La demanda interna habría mostrado pues un comportamiento positivo, porque los aumentos en consumo e inversión exceden la reducción del gasto público, pero ese crecimiento se habría filtrado al exterior por efecto del fortalecimiento del dólar.

El dilema se agrava

Pero la demanda interna se estaría debilitando, y ello se estaría reflejando ya en la confianza del consumidor (el índice de sentimiento del consumidor de la Universidad de Míchigan pasó de 70,6 en diciembre de 2021 a 50,2 en junio de 2022) y en el ritmo de actividad económica (con el índice de gerentes de compra, PMI, cayendo a 52.3 en julio y mostrando el más bajo   crecimiento de la actividad manufacturera en dos años).

Esta menor demanda interna y el fortalecimiento del dólar que a su vez se ve impulsado por el alza de las tasas de interés en Estados Unidos y los temores de una recesión global que parecen estar convirtiéndolo en moneda refugio, aumentaría el costo de la intervención monetaria en términos de crecimiento económico.

En cuanto al empleo, debe notarse que, a pesar de su tasa reducida, no se ha logrado recuperar el volumen anterior a la pandemia: entre mayo de 2020 y junio de 2022 se crearon 21,5 millones de empleos, pero se habían perdido 22 millones en los meses críticos de la pandemia. Si a ello se suma el hecho de que las solicitudes iniciales de pago del seguro de desempleo han aumentado en las últimas semanas, resultaría que el margen de maniobra para el banco central es menor del que se había creído al principio del año.

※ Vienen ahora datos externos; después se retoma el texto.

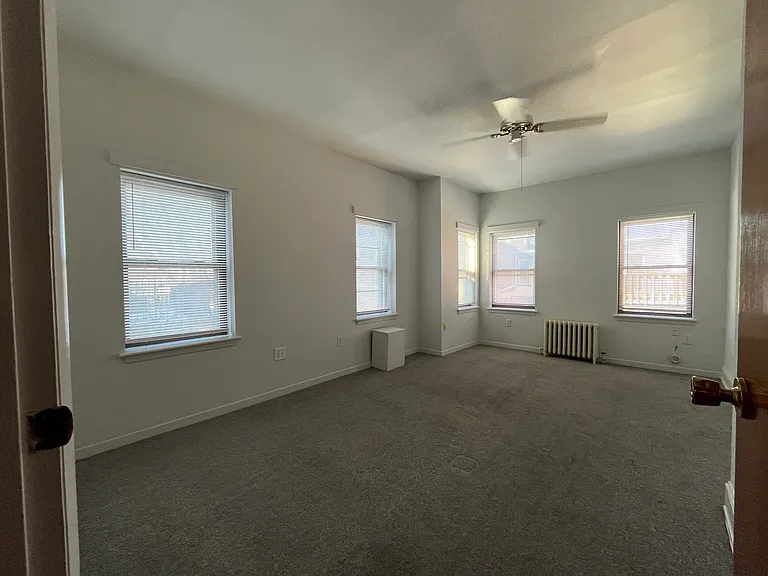 2003 Green St #3R — Photo 11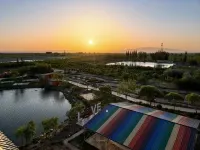 Zhangye Linze Danxia Bay Countryside Hotel - Bjergudsigt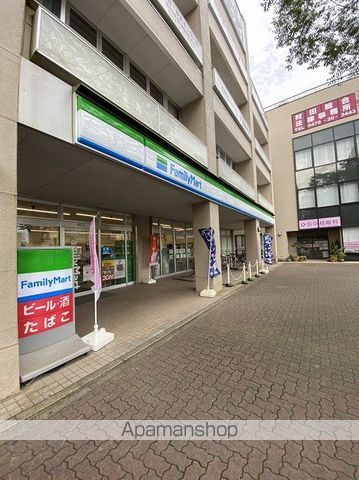 コンビニ　ファミリーマート（コンビニ）まで802m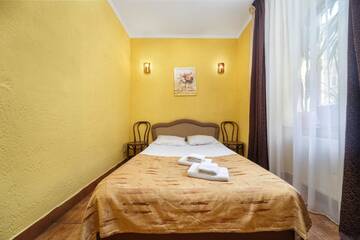 Фото номера Бюджетный двухместный номер с общей ванной комнатой Отель Hotel Kaiser Econom г. Львов 4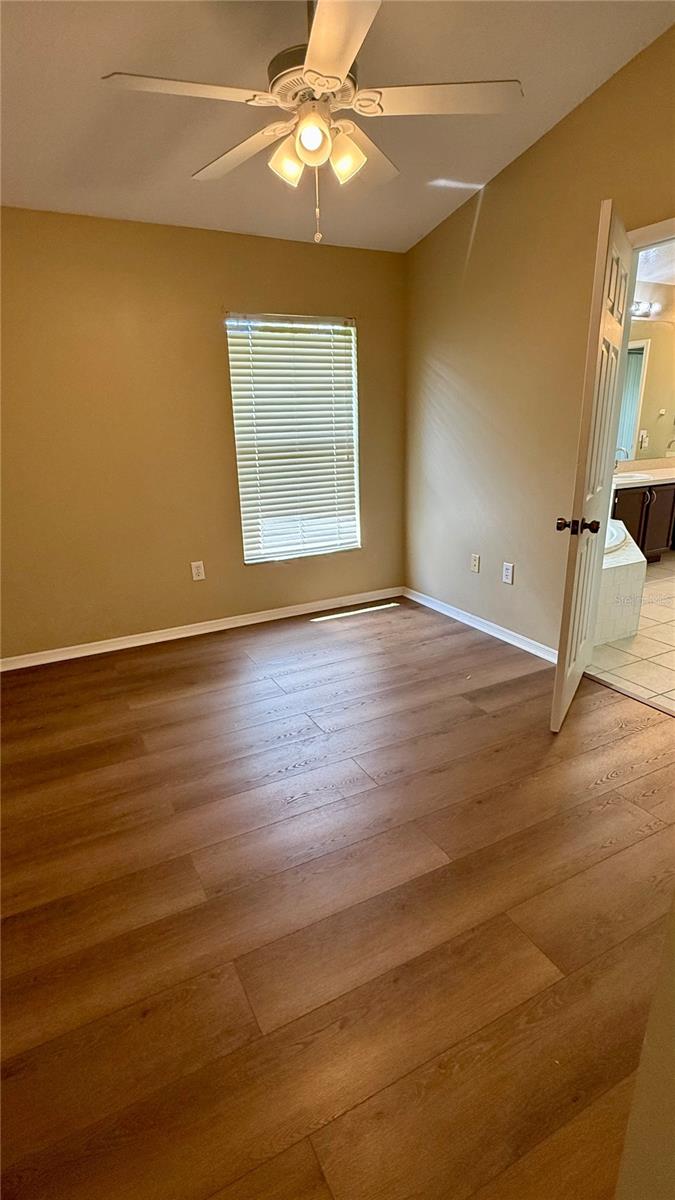 9917 COLONNADE DR — photo 26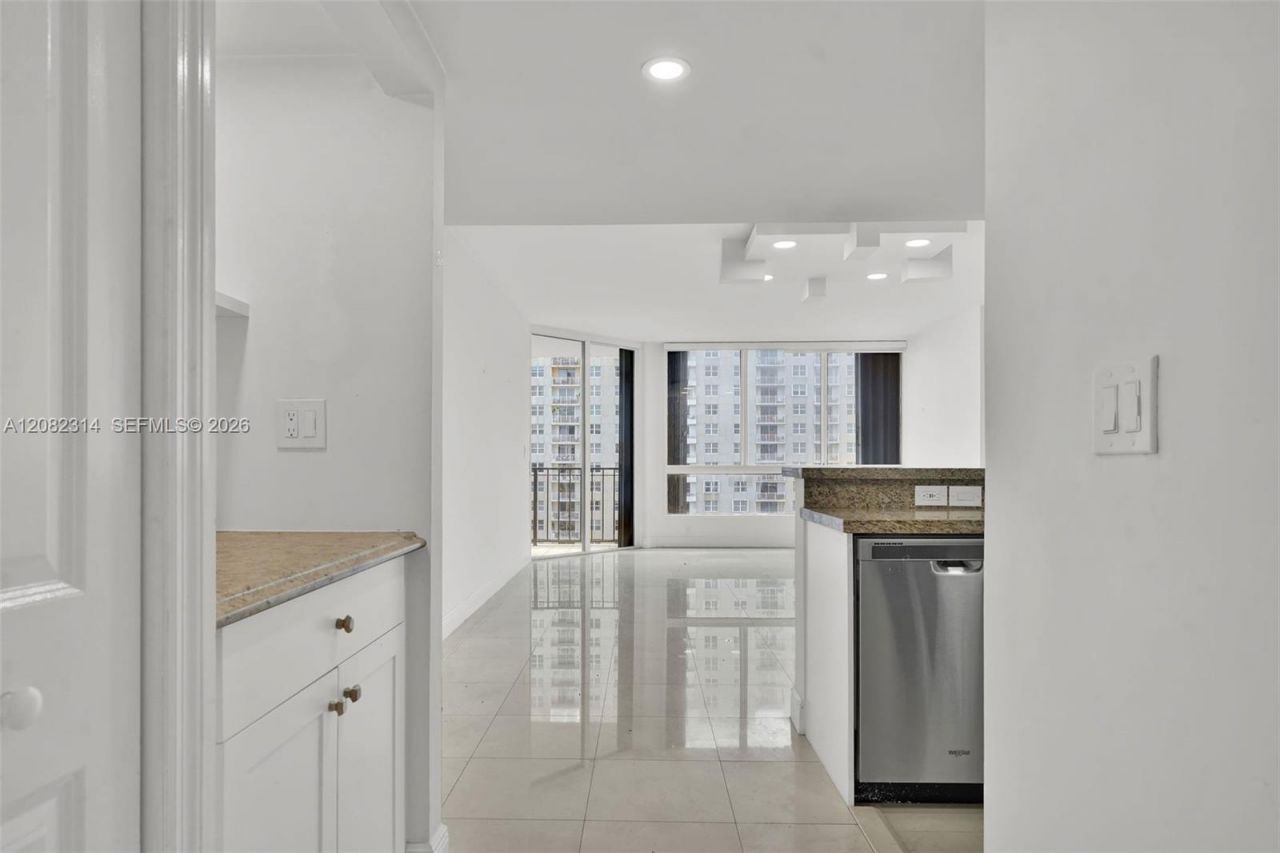 520 Brickell Key Dr , Unit A1007, Miami, FL 33131 Photo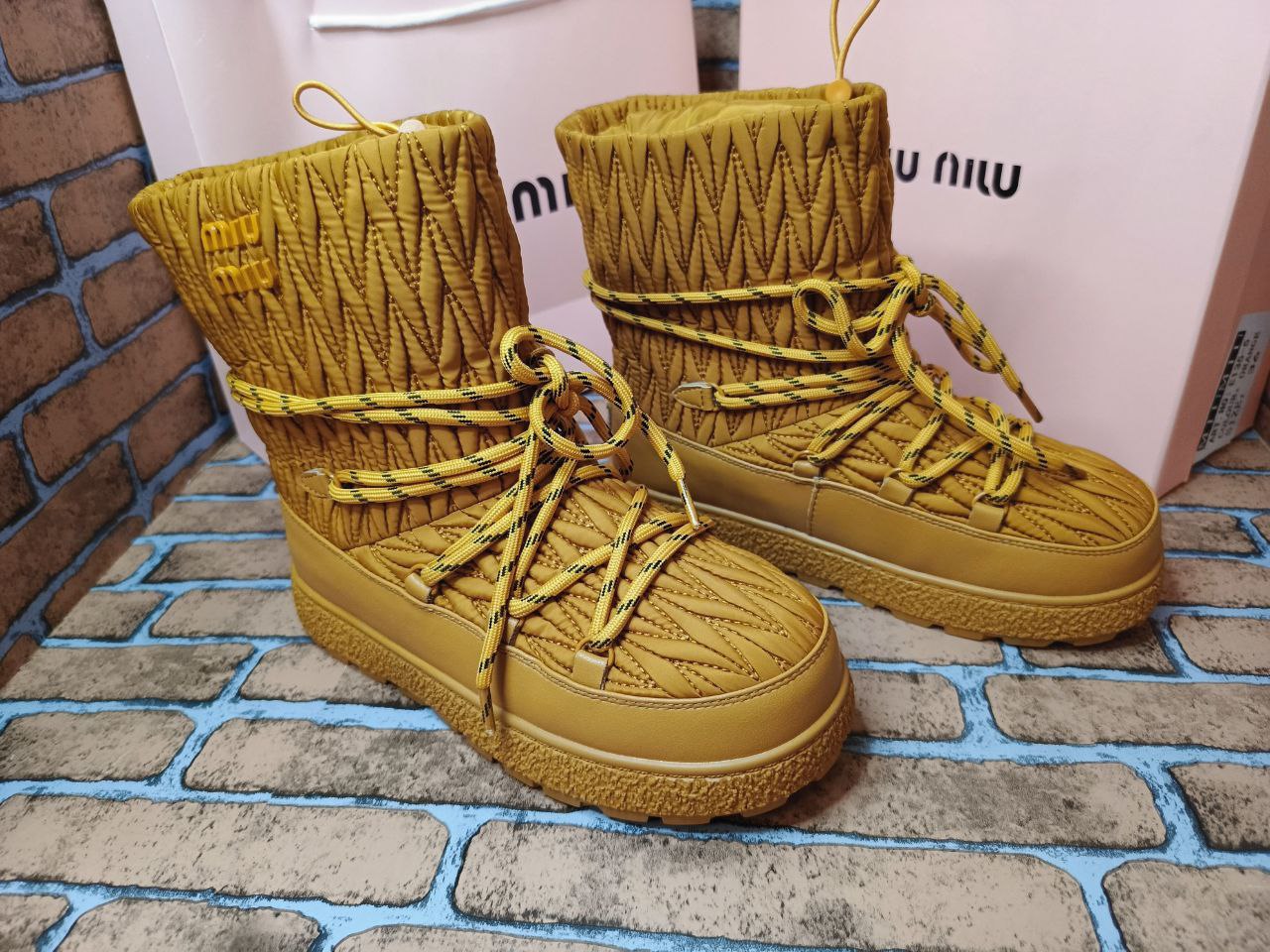 Дутики miu miu размер 38 - Одежда в Владивосток - фото 4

Pero en todo caso, la inacción en el frente monetario no es una alternativa, y el FOMC tendrá que enviar señales contundentes. El Banco Central Europeo acaba de aumentar sus tasas en 50 puntos básicos, sorprendiendo a los mercados que esperaban un aumento de 25 puntos y, de paso, poniendo en duda la utilidad de que los bancos centrales anticipen sus acciones futuras (el denominado “forward guidance”) en un entorno tan volátil e incierto como el que vive el mundo actualmente.

Así pues, el Banco de la Reserva Federal enfrenta un dilema complejo: la urgente necesidad de contener una inflación que se ha prolongado más de lo que se había previsto a finales del 2021; pero al tiempo, los riesgos crecientes de que sus acciones tengan un efecto exagerado sobre el nivel de actividad económica. Esta vez el efecto recesivo no resultaría solo de los mecanismos tradicionales que reducen la demanda agregada, sino del fortalecimiento del dólar, que exacerbaría los efectos sobre el PIB por la vía de las exportaciones netas. Y, por supuesto, sobre el empleo, que ha estado asociado hasta ahora con el dinamismo de la demanda interna, pero podría empezar a resentirse por el debilitamiento en los indicadores de confianza de consumidores y empresarios.

Un momento sin duda difícil para la economía de Estados Unidos y, por lo mismo, para la economía de todos los países, incluyendo a Colombia.